◆ Records supplied
━━━━━━━━

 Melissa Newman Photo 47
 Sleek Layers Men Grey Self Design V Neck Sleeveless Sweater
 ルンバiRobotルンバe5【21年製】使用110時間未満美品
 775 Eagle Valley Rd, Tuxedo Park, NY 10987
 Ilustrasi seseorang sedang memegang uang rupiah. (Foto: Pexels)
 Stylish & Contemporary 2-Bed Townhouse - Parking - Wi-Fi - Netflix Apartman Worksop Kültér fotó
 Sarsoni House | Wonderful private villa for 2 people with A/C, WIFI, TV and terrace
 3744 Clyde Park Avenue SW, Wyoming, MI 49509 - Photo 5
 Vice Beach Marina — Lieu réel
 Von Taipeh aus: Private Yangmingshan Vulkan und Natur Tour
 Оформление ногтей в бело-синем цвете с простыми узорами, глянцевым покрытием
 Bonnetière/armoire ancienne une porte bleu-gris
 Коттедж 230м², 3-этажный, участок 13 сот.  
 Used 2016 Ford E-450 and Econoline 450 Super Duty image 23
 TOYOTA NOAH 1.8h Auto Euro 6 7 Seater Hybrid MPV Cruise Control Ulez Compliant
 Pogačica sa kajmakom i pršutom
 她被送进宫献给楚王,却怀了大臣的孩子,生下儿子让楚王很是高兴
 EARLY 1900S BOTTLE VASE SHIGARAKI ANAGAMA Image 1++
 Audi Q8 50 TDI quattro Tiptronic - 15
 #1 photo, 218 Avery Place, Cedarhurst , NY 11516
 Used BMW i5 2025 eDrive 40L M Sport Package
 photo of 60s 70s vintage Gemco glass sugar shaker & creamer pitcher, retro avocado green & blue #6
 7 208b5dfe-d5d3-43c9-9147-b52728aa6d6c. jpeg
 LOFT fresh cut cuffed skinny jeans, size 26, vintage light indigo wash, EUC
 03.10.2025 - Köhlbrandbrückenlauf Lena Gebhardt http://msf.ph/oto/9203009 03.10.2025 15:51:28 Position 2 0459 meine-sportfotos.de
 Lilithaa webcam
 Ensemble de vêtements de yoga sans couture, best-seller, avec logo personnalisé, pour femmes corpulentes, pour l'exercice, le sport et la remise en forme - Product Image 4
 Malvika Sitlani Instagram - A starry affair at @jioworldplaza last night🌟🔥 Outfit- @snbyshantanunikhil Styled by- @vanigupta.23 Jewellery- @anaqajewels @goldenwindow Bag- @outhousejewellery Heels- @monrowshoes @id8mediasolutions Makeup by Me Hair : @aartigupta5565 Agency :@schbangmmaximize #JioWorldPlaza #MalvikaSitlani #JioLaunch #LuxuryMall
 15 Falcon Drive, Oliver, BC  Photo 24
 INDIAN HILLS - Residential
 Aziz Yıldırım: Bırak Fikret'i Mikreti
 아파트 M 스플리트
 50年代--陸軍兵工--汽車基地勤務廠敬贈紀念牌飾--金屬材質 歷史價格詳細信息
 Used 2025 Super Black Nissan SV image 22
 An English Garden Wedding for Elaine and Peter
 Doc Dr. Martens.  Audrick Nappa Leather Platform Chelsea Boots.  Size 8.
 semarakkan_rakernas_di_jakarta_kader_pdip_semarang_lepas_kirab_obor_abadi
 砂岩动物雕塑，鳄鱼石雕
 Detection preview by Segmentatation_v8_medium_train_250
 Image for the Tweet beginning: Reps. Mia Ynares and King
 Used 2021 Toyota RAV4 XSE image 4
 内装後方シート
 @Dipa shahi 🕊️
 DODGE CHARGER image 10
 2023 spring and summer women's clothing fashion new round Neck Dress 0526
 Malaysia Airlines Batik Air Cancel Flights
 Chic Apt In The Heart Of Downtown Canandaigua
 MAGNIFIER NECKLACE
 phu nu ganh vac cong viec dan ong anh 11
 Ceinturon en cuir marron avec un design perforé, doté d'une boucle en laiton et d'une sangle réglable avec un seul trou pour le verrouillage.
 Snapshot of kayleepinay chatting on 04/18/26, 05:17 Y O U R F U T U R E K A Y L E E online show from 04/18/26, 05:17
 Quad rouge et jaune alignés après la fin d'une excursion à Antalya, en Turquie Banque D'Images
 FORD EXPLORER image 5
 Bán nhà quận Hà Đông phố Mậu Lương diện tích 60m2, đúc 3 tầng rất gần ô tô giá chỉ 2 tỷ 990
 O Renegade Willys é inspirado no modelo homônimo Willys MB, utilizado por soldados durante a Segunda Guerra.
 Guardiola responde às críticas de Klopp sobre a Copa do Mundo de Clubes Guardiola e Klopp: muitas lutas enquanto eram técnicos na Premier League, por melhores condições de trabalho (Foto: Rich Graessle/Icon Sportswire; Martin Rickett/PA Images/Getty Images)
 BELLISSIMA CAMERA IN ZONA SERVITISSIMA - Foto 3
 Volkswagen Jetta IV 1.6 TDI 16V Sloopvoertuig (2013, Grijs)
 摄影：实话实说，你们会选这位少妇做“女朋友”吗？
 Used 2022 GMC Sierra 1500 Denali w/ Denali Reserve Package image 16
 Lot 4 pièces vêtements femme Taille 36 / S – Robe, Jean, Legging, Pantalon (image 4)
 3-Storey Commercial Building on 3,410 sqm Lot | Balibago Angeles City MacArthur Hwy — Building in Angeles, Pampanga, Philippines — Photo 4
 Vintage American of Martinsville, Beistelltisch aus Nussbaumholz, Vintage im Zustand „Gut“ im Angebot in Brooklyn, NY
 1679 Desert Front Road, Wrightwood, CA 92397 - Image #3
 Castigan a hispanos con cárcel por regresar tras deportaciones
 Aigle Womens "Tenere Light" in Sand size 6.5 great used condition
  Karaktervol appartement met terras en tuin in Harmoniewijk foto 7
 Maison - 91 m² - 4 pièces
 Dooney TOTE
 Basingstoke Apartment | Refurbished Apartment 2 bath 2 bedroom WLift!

━━━━━━━━

◆ Activity
In the listing above, the lines from the one containing "Snapshot of kayleepinay" through the one containing "Castigan a hispanos" must be set down exactly, with no other lines.

◆ Result
 Snapshot of kayleepinay chatting on 04/18/26, 05:17 Y O U R F U T U R E K A Y L E E online show from 04/18/26, 05:17
 Quad rouge et jaune alignés après la fin d'une excursion à Antalya, en Turquie Banque D'Images
 FORD EXPLORER image 5
 Bán nhà quận Hà Đông phố Mậu Lương diện tích 60m2, đúc 3 tầng rất gần ô tô giá chỉ 2 tỷ 990
 O Renegade Willys é inspirado no modelo homônimo Willys MB, utilizado por soldados durante a Segunda Guerra.
 Guardiola responde às críticas de Klopp sobre a Copa do Mundo de Clubes Guardiola e Klopp: muitas lutas enquanto eram técnicos na Premier League, por melhores condições de trabalho (Foto: Rich Graessle/Icon Sportswire; Martin Rickett/PA Images/Getty Images)
 BELLISSIMA CAMERA IN ZONA SERVITISSIMA - Foto 3
 Volkswagen Jetta IV 1.6 TDI 16V Sloopvoertuig (2013, Grijs)
 摄影：实话实说，你们会选这位少妇做“女朋友”吗？
 Used 2022 GMC Sierra 1500 Denali w/ Denali Reserve Package image 16
 Lot 4 pièces vêtements femme Taille 36 / S – Robe, Jean, Legging, Pantalon (image 4)
 3-Storey Commercial Building on 3,410 sqm Lot | Balibago Angeles City MacArthur Hwy — Building in Angeles, Pampanga, Philippines — Photo 4
 Vintage American of Martinsville, Beistelltisch aus Nussbaumholz, Vintage im Zustand „Gut“ im Angebot in Brooklyn, NY
 1679 Desert Front Road, Wrightwood, CA 92397 - Image #3
 Castigan a hispanos con cárcel por regresar tras deportaciones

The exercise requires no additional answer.